Vandana Shiva 3-pack
The corporate takeover of food with its toxic chemical inputs poses serious health and environmental problems. Corporate agriculture, The New York Times states unequivocally "is causing irreparable harm to the planet." It is "ravaging the air, soil and water, destroying wildlife habitats and spurring climate chaos. The system, a vast web of industries and processes that stretches from seed to pasture, to packaging, to the supermarket, to the trash dump, produces at least a third of all human-caused greenhouse gases." There are alternatives. We can learn much from traditional organic farming techniques as practiced by indigenous farmers. In this program, Vandana Shiva describes the importance of biodiversity and the interconnectedness of all life. She says, "What we do to the Earth, what we do to the land, what we do to biodiversity eventually comes back to us. There is no separation."
The news about the pandemic goes from bad to worse. The term another grim milestone in the number of infections and deaths has become almost commonplace. But at some point, hopefully not too far away, the crisis will pass. Where will we be? The world will surely be different. There is so much uncertainty. Kim Stanley Robinson, the well-known science fiction writer, says, "The future isn’t cast into one inevitable course. On the contrary, we could cause the sixth great mass extinction event in Earth’s history, or we could create a prosperous civilization, sustainable over the long haul. Either is possible starting from now.”
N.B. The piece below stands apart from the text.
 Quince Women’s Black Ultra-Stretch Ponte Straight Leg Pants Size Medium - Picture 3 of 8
Despite the position of the Trump administration, which has labeled climate change a “hoax” concocted by China, there is virtual universal unanimity that the Earth’s temperature is rising and that human activity is largely responsible. In the face of this crisis Trump is cutting the budget of the Environmental Protection Agency and laying off staff. Is this the kind of response required at this critical juncture? The window for collective action to mitigate the effects of global warming is narrowing. Corporate-driven policies toward the Earth as just a place to extract resources and make money must be reversed if long-term tragic consequences are to be avoided. Sustainable agricultural practices and nutritious food are key to healing ourselves and our planet. Ecological and social justice are inseparable.
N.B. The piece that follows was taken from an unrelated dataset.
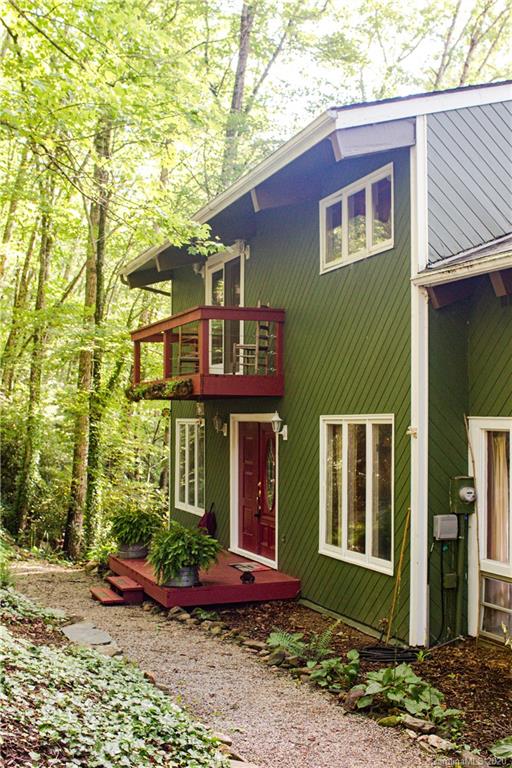 138 Lakeview Road Spruce Pine, NC 28777 - Photo 4 of 31 Gallery Image 4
Vandana Shiva is an internationally renowned voice for sustainable development and social justice. She’s a physicist, scholar and social activist. She is a founder of Navdanya and Director of the Research Foundation for Science, Technology and Natural Resource Policy in New Delhi. She is the recipient of the Sydney Peace Prize and of the Right Livelihood Award, the alternative Nobel Prize. She is the author of many books including Water Wars, Earth Democracy, Soil Not Oil, and Oneness vs the 1%.